• _Data extract_:

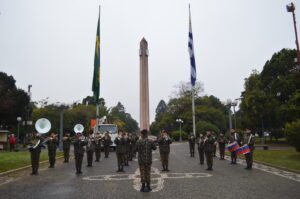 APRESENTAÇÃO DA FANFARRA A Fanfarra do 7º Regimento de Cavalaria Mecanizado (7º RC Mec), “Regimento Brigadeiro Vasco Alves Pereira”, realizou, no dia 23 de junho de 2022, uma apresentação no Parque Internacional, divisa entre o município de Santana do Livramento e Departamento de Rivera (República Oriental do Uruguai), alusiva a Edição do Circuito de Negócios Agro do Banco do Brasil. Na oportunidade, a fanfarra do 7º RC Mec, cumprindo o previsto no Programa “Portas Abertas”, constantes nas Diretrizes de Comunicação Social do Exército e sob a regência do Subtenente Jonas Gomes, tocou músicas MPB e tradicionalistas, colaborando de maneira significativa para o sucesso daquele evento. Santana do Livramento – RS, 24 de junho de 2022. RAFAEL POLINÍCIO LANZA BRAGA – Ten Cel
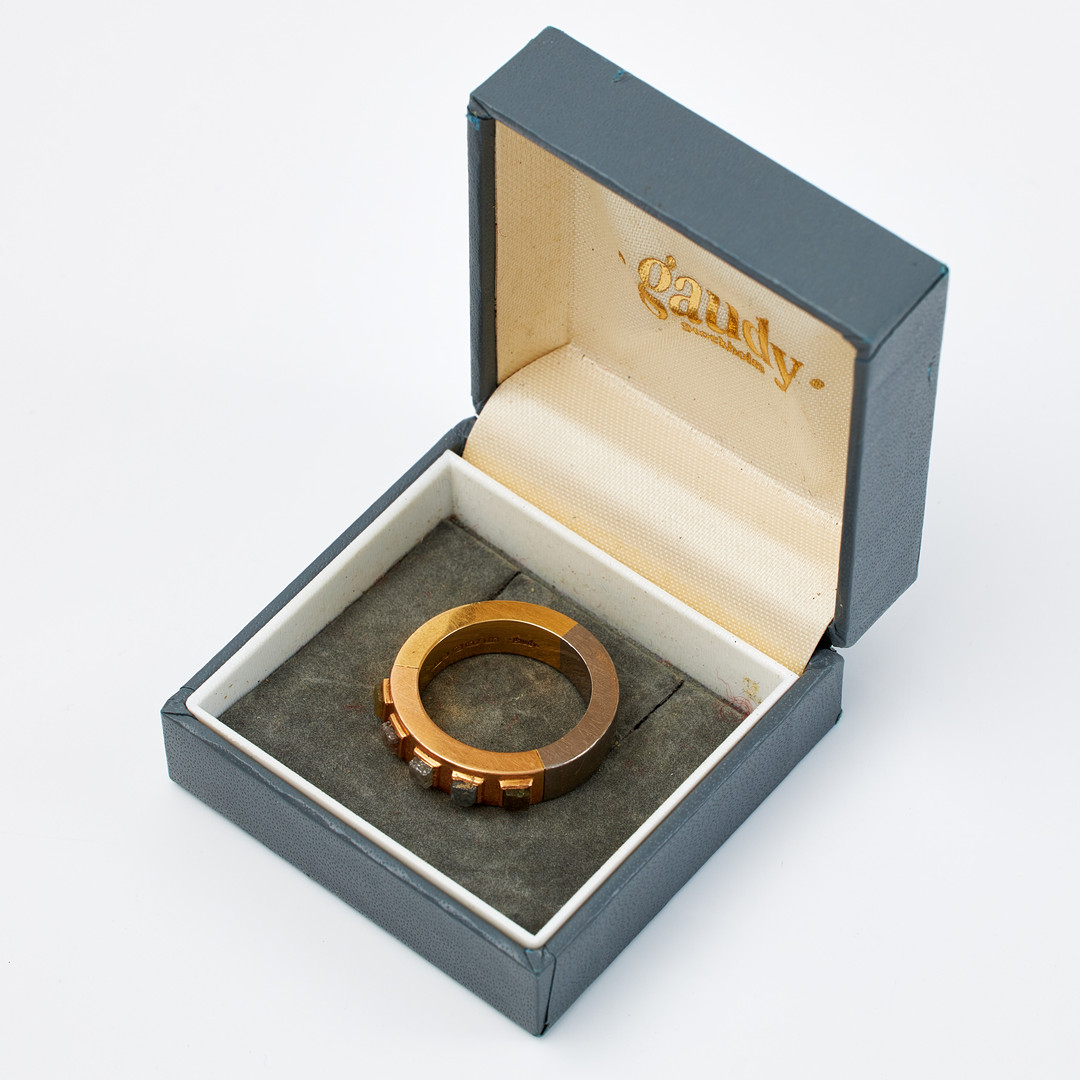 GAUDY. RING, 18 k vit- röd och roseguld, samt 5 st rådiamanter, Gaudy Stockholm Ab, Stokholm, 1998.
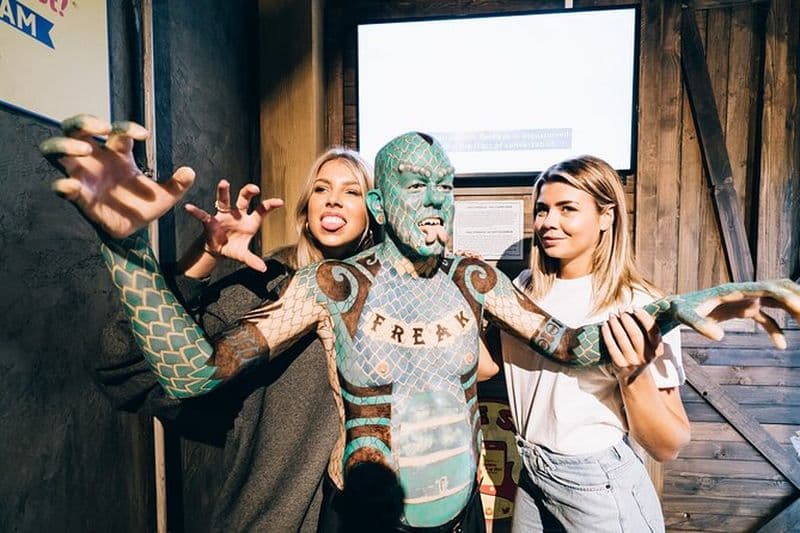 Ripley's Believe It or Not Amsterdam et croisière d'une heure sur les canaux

• _What to work on_: Would you please reproduce verbatim the run of lines that opens the listing and ends with the line holding "GAUDY. RING, 18", and only that run, leaving every picture out?

• _Result of this exercise_:
 APRESENTAÇÃO DA FANFARRA A Fanfarra do 7º Regimento de Cavalaria Mecanizado (7º RC Mec), “Regimento Brigadeiro Vasco Alves Pereira”, realizou, no dia 23 de junho de 2022, uma apresentação no Parque Internacional, divisa entre o município de Santana do Livramento e Departamento de Rivera (República Oriental do Uruguai), alusiva a Edição do Circuito de Negócios Agro do Banco do Brasil. Na oportunidade, a fanfarra do 7º RC Mec, cumprindo o previsto no Programa “Portas Abertas”, constantes nas Diretrizes de Comunicação Social do Exército e sob a regência do Subtenente Jonas Gomes, tocou músicas MPB e tradicionalistas, colaborando de maneira significativa para o sucesso daquele evento. Santana do Livramento – RS, 24 de junho de 2022. RAFAEL POLINÍCIO LANZA BRAGA – Ten Cel
 GAUDY. RING, 18 k vit- röd och roseguld, samt 5 st rådiamanter, Gaudy Stockholm Ab, Stokholm, 1998.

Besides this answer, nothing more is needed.